Soccer moms in a minivan will be approaching you with a MiniVAN on their cell phone. This may seem like a terrible play on words, and it is a horrible pun. Even though it is a horrible pun, it is still true. The Democratic party has started to move away from pen and paper canvassing when it is not necessary. Campaign volunteers are using a cell phone app that connects to the NGP VAN database used by the Democratic party.


The NGP VAN database contains records of who voted for Democratic party candidates in previous elections and who is most likely to do so again. Targeting voters who have voted the way the campaign volunteers would like them to have voted in the past save work and helps canvassers target people who are likely to get out to vote again. As useful as the program may be, it often over targets independent voters who may not be likely to vote the same way in any given election.

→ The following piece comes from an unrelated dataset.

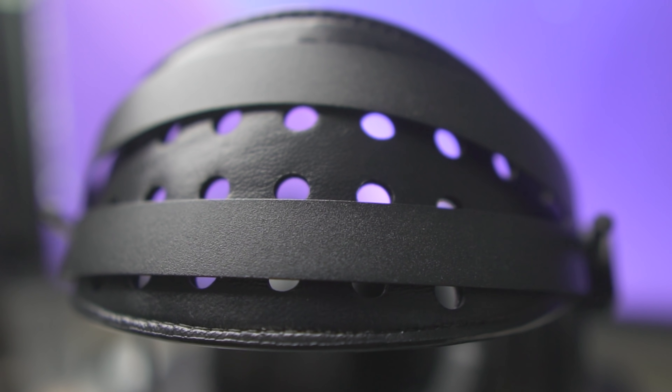Before we get into this, I have a package that I've been waiting to open from a company called Odyssey. I reached out to them to see if they'd be willing to send out a pair of their headphones for me to check out, because the Audio-Technicas I've had - four of them over the last eight years, about a thousand dollars worth - have fallen apart a number of times. Odyssey makes some reference-grade audiophile-level headphones.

Technology is likely to play an increasing role in campaigns, and it may make it easier to get out the vote. While making it easier to get out the vote is good, there are negative aspects to using technology as well. Using cell phone technology may disproportionately impact rural voters. Rural voters do not always live in areas where cell phone data can be accessed. Some areas may have limited access at slower speeds.


This may not cause a problem for Democratic party pollsters as long as they continue to use the old-fashioned pen and paper methods where they are appropriate. The Republicans have not forgotten where most of their core voters live. Perhaps technology may be better used to solve the gerrymandering problem many people seem to have with the current system. Some people believe that gerrymandering gave the United States its current president.